I watched a junior developer spend three days debugging why our retry logic worked perfectly on his machine but failed on staging. He'd written a beautiful exponential backoff algorithm with jitter and circuit breaker patterns. It was a work of art. It also never worked.

The problem wasn't his code. It was that he'd been testing with a local server that responded in 50 milliseconds. Our staging environment averaged 800 milliseconds per request. His retry logic was giving up faster than the server could respond.

This is what happens when we write retry mechanisms in a vacuum. We focus on the algorithms - exponential backoff, linear backoff, polynomial backoff, whatever the latest blog post told us to use. We forget that users don't care about our elegant mathematics. They care that their upload doesn't vanish into the void.

Here's what actually matters when building retry logic:

Start with the timeout, not the algorithm.

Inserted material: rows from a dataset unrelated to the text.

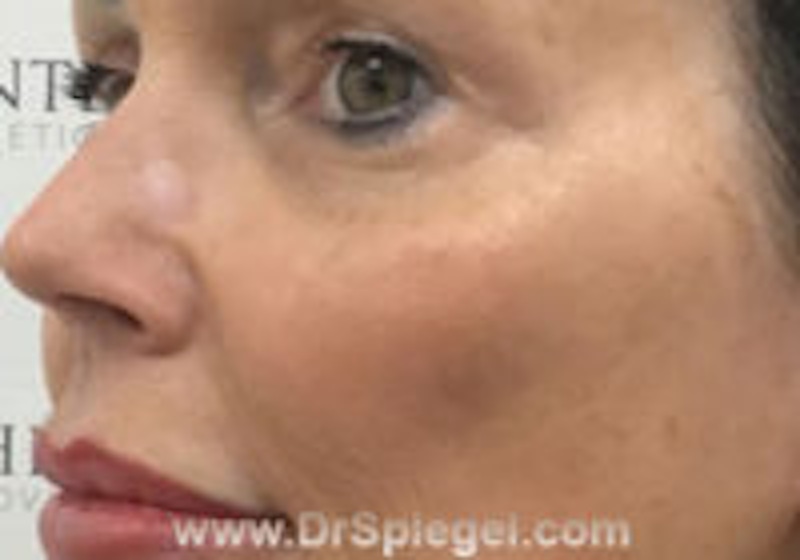 Cheek Augmentation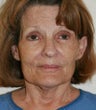 blepharoplasty and laser facial treatment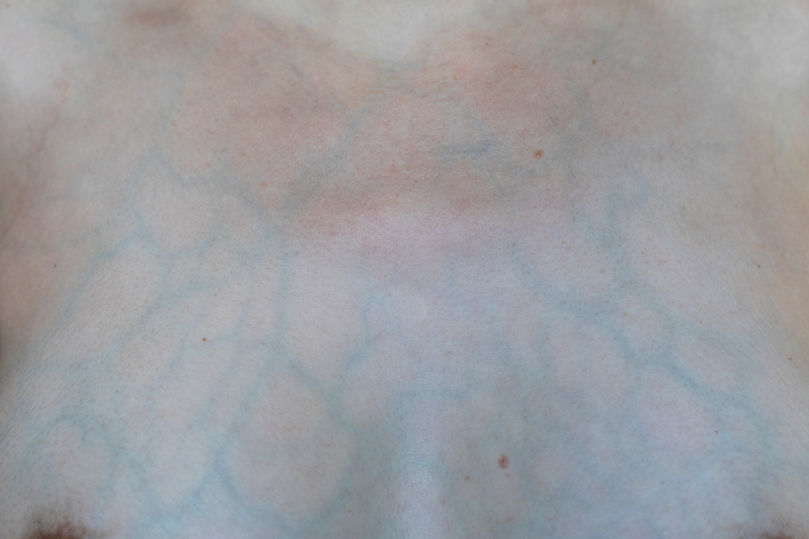 Nahaufnahme von Adern einer stillenden Brust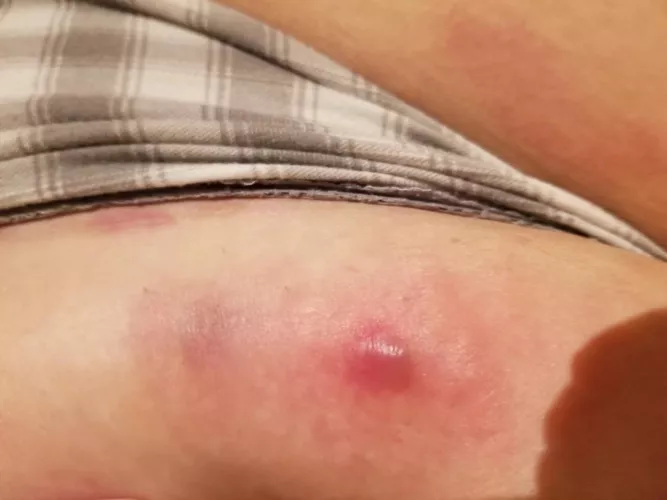 oh sweet jesus it's huge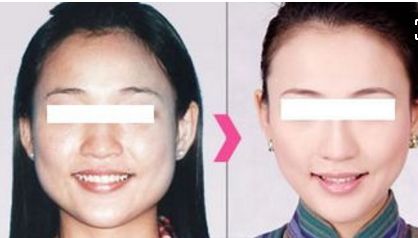 重慶華美分層抗衰超聲炮體驗:效果和醫(yī)生技術(shù)分析 重慶華美分層抗衰超聲炮體驗:效果和醫(yī)生技術(shù)分析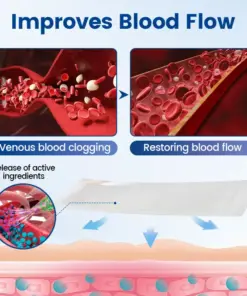 Timilk® Vein Ease Microneedle Therapy Patch – Fast Effective and Non-Invasive Treatment for Varicose Veins Leg Swelling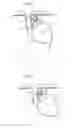 Fig. 03 - Apparatus for treating GERD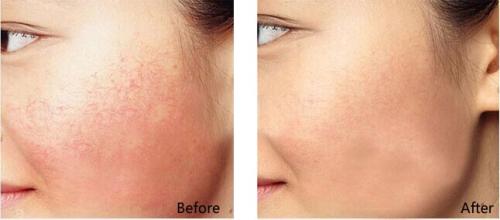 黑臉娃娃價格是多少 - 珍美網(wǎng)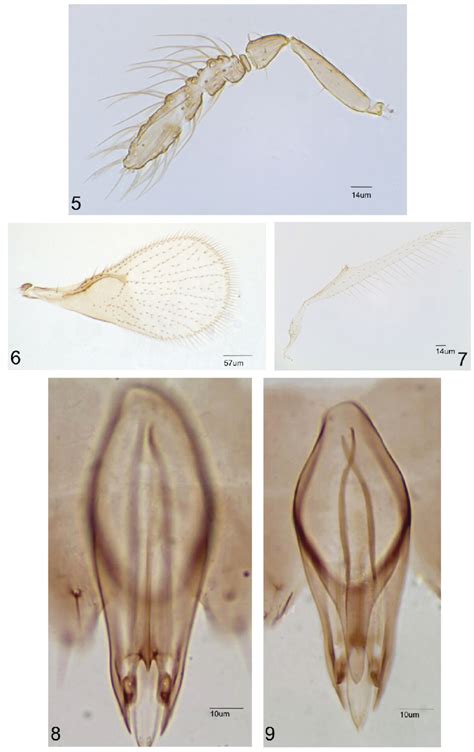 Trichogramma Valmiri Sp Nov Male 5 Antenna 6 Forewing 7 Download Scientific Diagram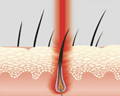 lllt therapy growth, laser hair growth with lllt, low level laser therapy hair growth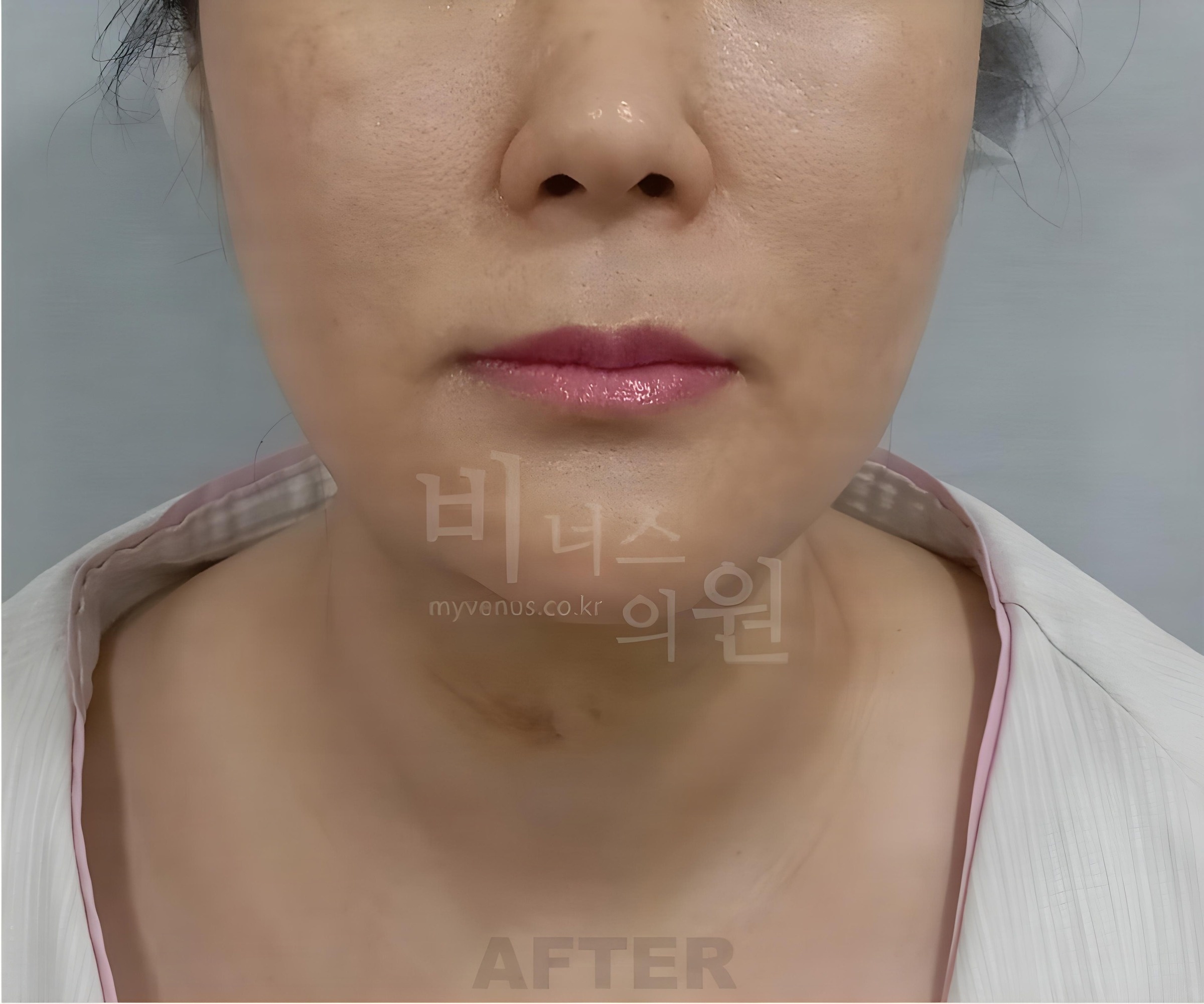 턱·이중턱 지방흡입 수술 후 정면 사진 (2026년 촬영, 부천 비너스의원)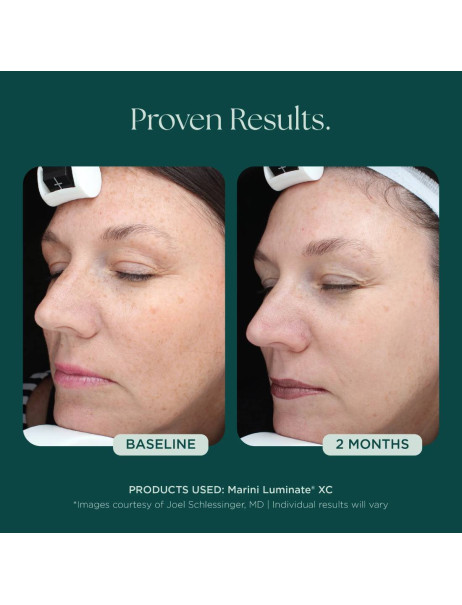 Jan Marini Luminate XC Face Lotion Лосьон для осветления кожи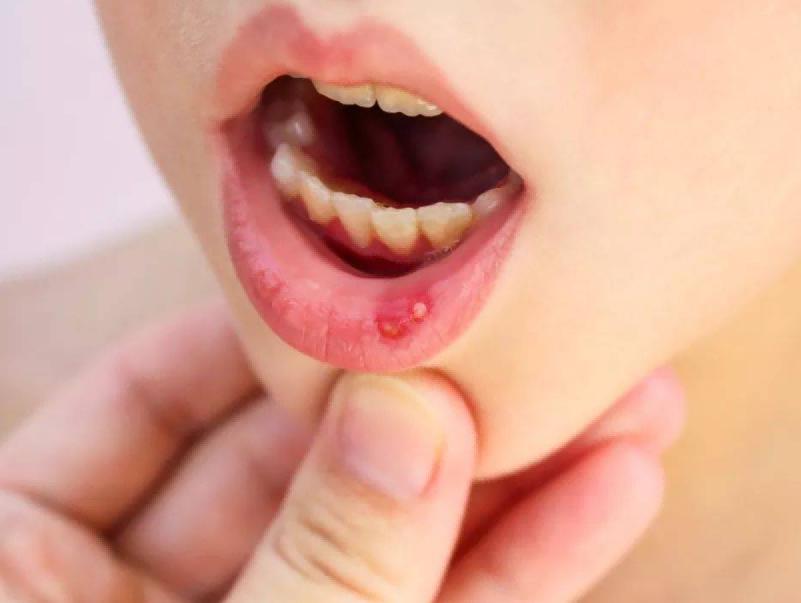 两三块钱一瓶的维生素b2有用吗,几块钱维生素b2功效与作用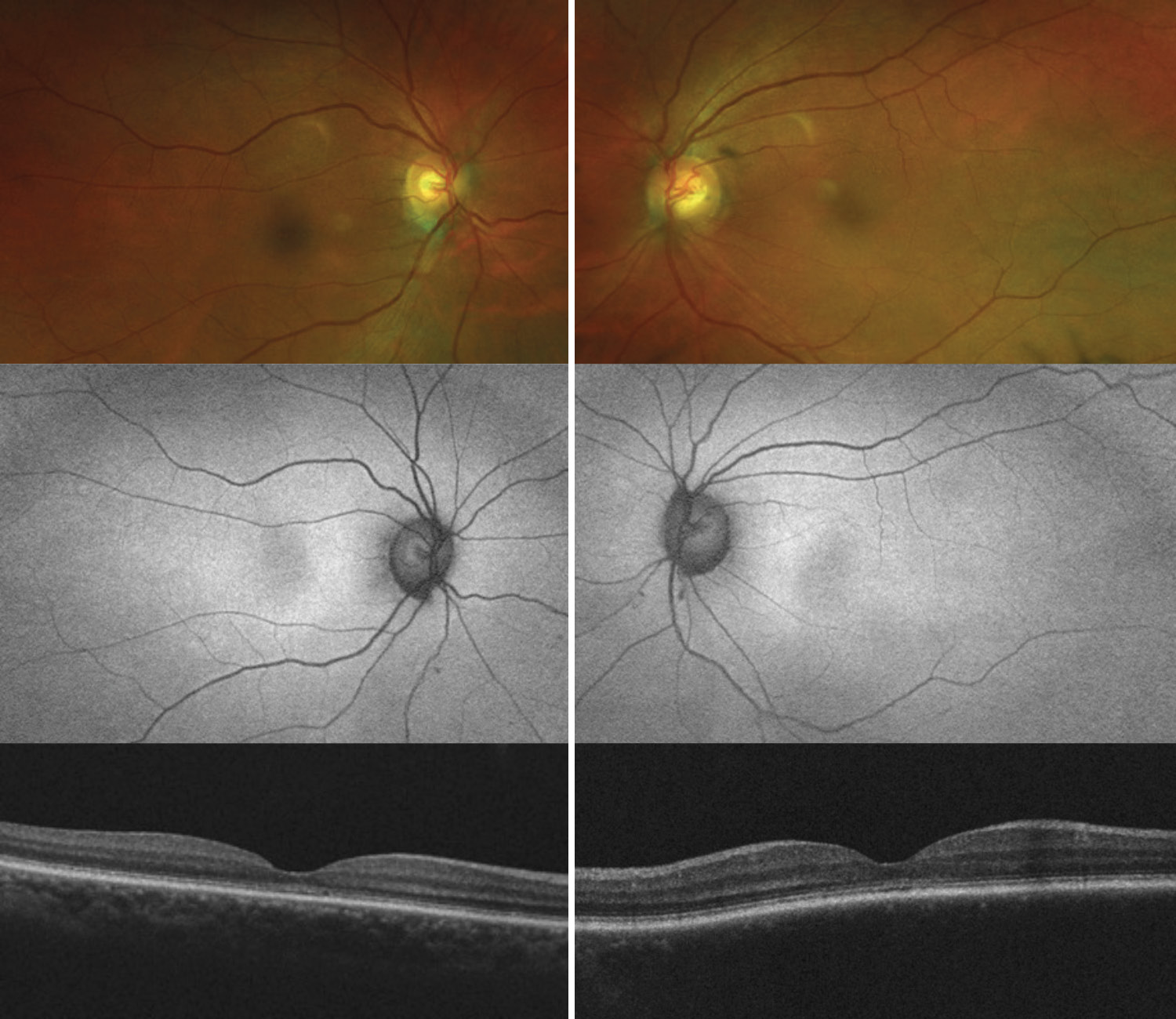 A Case Series Of Occult Macular Dystrophy 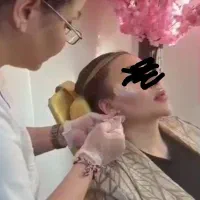 تزریق بوتاکس مزو صورت وسر
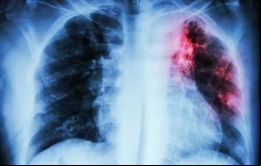 La tuberculosis y la Covid-19 son enfermedades respiratorias con síntomas similares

Most failures happen because developers pick random timeout values. Test your actual API under real conditions. If 95% of requests complete in 2 seconds, set your initial timeout to 3 seconds, not 500 milliseconds because "it feels right."

Count failures differently. Don't count "attempts." Count "time since last success." A function that fails three times in one minute needs different handling than one that fails three times across three hours. The second one might just be a server having a bad moment.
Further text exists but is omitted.